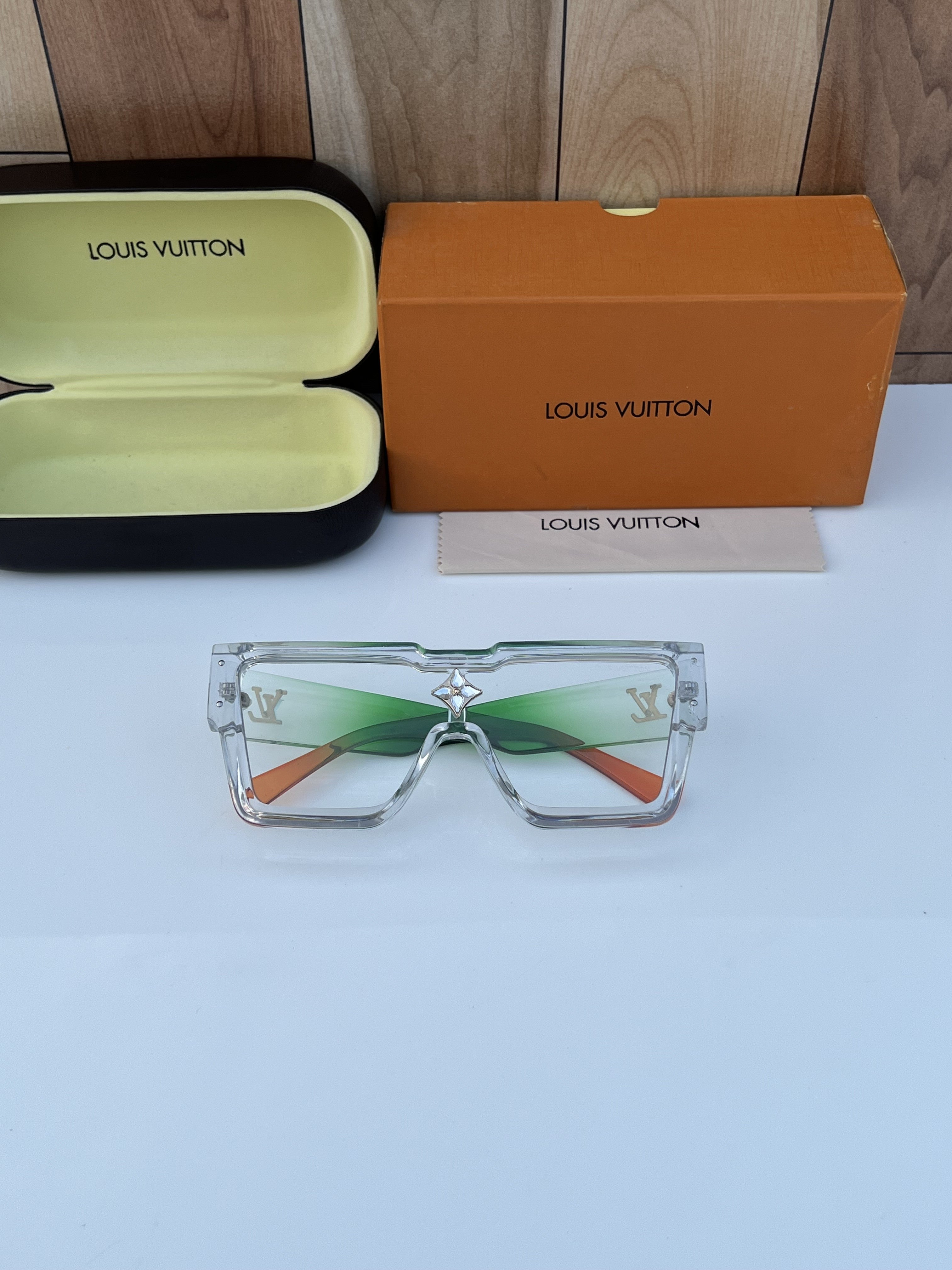 Lou_is vui_tton 8630 Plano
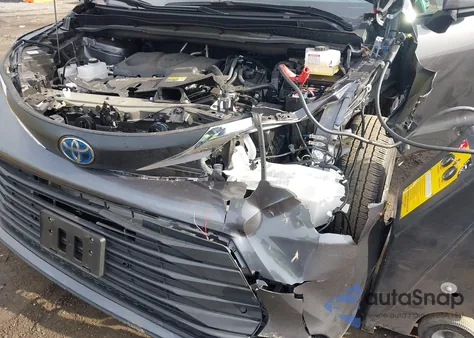 2025 Toyota Sienna Xle from USA, damaged, VIN 5TDJRKEC2SS257489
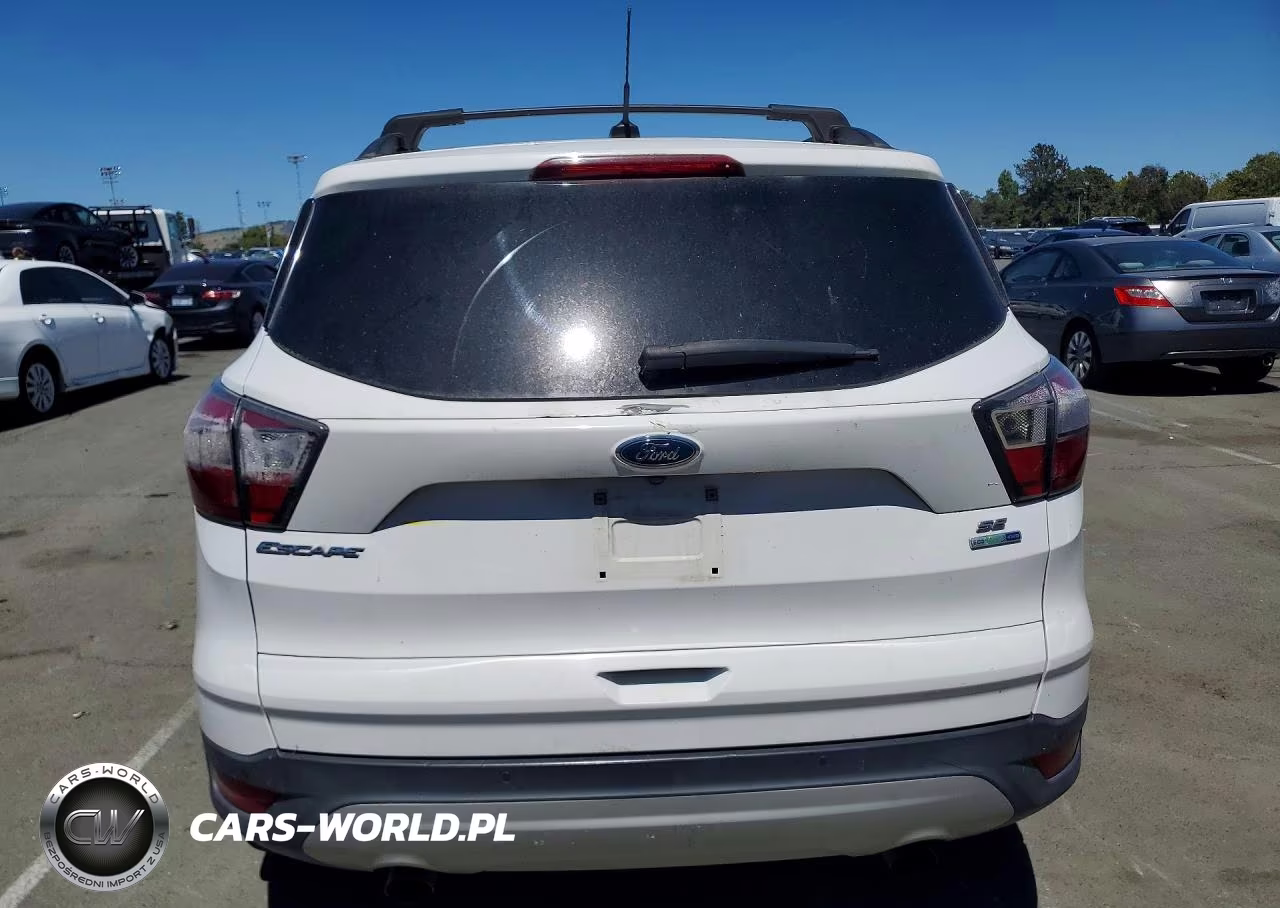 2017 Ford Escape Se VIN:1FMCU9GD6HUB45915 - 6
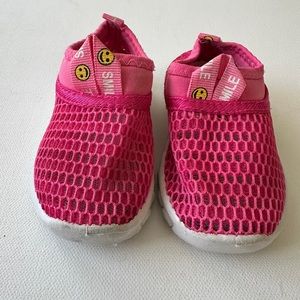 Smile Toddler Girl’s Water Sports Pink Casual Shoes, Size 19 EU - 3.5 to 4 US.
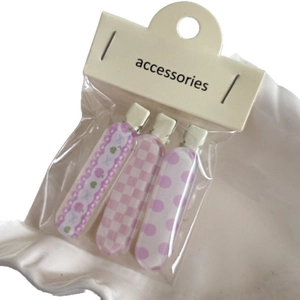 Set di 3 fermagli per capelli floreali con motivi rosa e viola su vassoio bianco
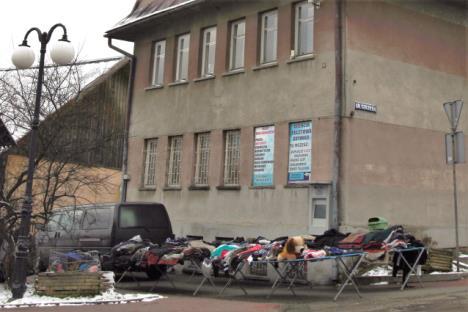11. Zrobienie wiaty przystankowej w Centrum Grywałdu. 12. Brak miejsc handlu. 13. Braki w kanalizacji sanitarnej.
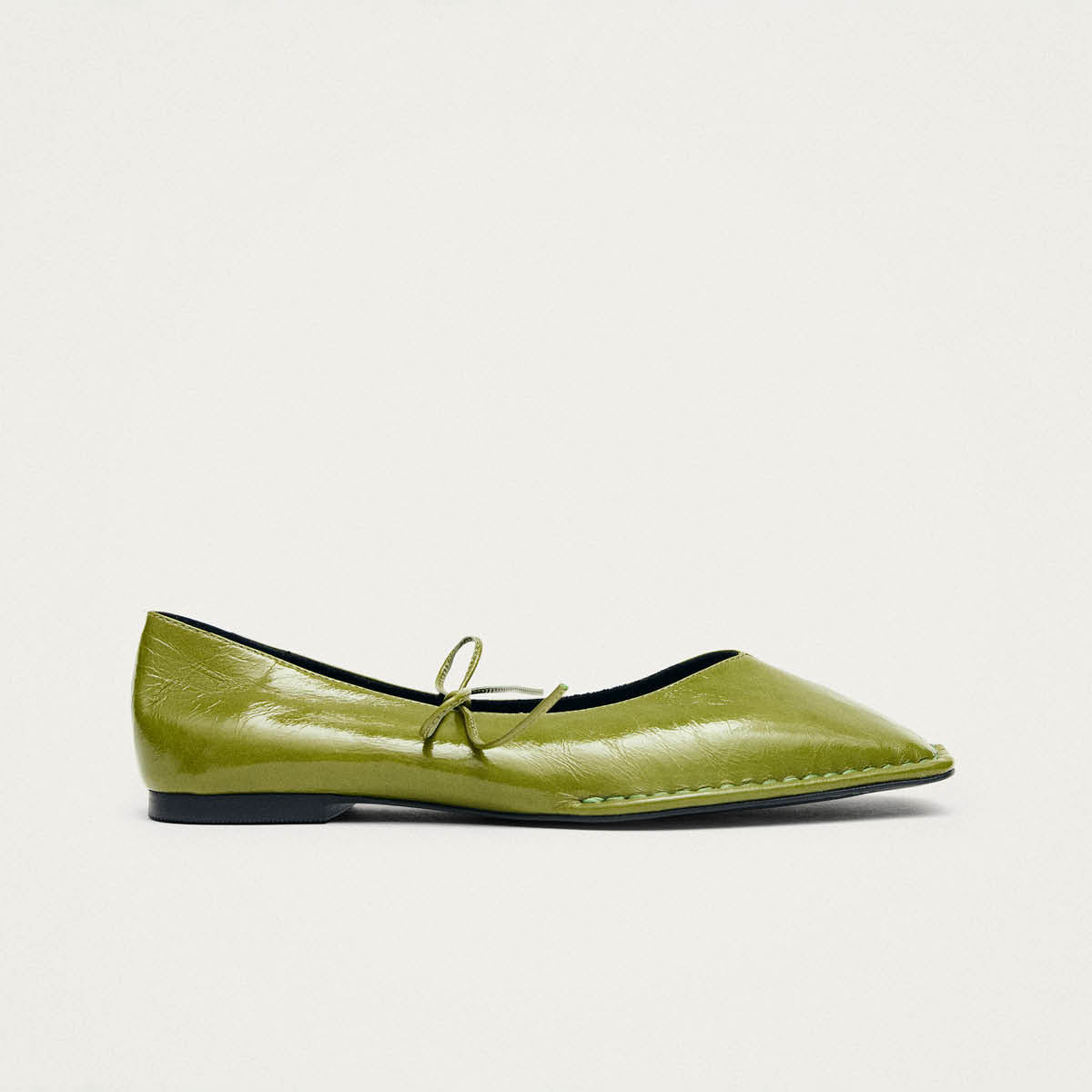 Ballerines en cuir vert breveté Sway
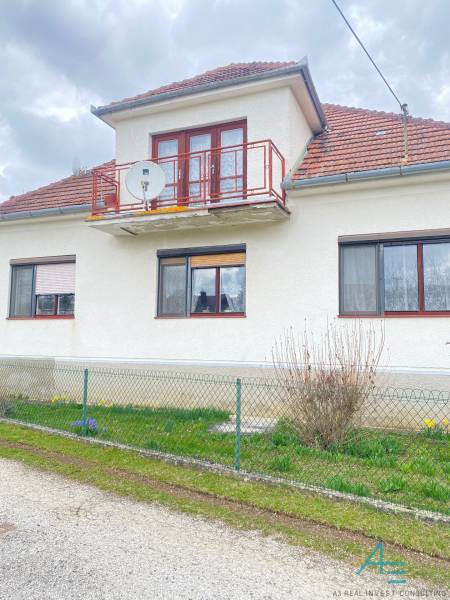 RD so záhradou, pivnicou garážou na Myjave.  - Rodinný dom na Turej lúke v Myjave s balkónom a záhradou.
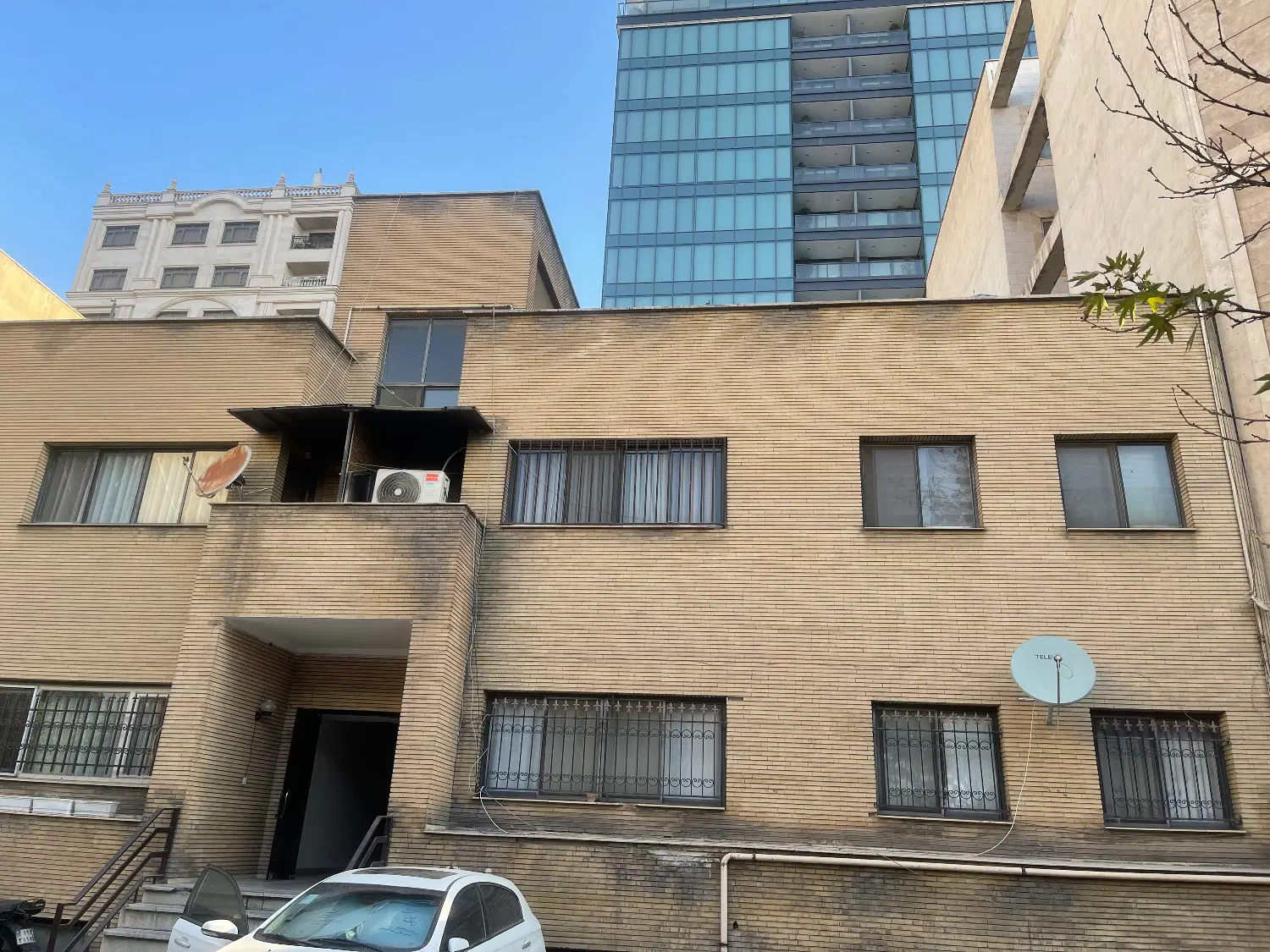 فروش ملک کلنگی موقعیت ممتاز در قلب سعادت آباد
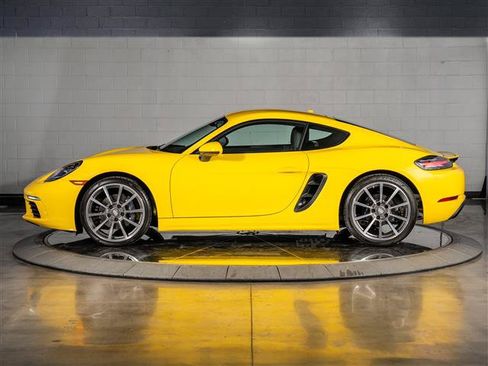 Certified 2023 Porsche 718 Cayman RWD image 2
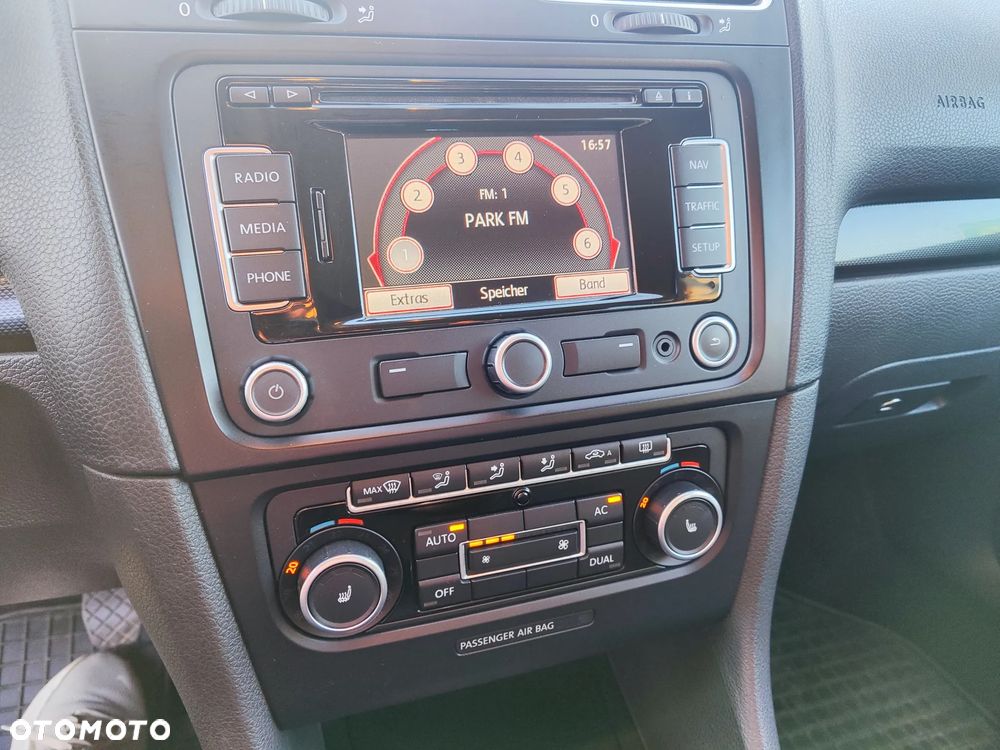 Volkswagen Golf - 19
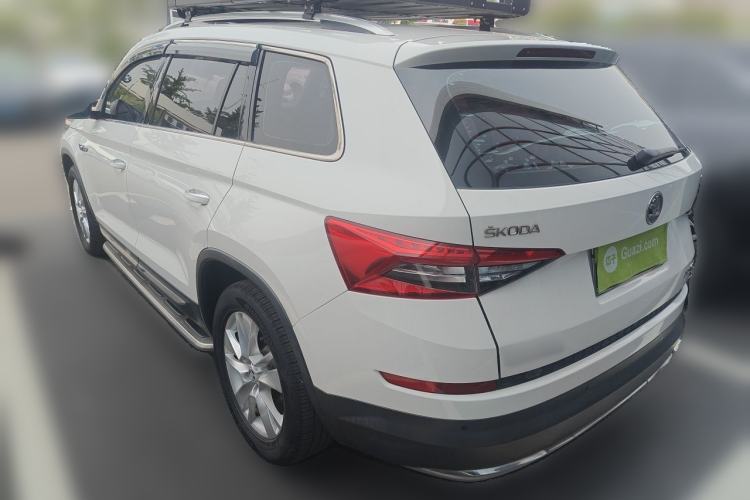 Used Skoda Kodiaq 2018 TSI330 7-Seater Two-Wheel-Drive Luxury Enjoyment Edition Rear Left 45 Deg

**ABOUT THIS TASK**
Write out the line that contains "RD so záhradou, pivnicou" and every line after it to the end of the data, exactly as they stand. Omit the pictures.

**SOLVED EXERCISE**
 RD so záhradou, pivnicou garážou na Myjave.  - Rodinný dom na Turej lúke v Myjave s balkónom a záhradou.
 فروش ملک کلنگی موقعیت ممتاز در قلب سعادت آباد
 Certified 2023 Porsche 718 Cayman RWD image 2
 Volkswagen Golf - 19
 Used Skoda Kodiaq 2018 TSI330 7-Seater Two-Wheel-Drive Luxury Enjoyment Edition Rear Left 45 Deg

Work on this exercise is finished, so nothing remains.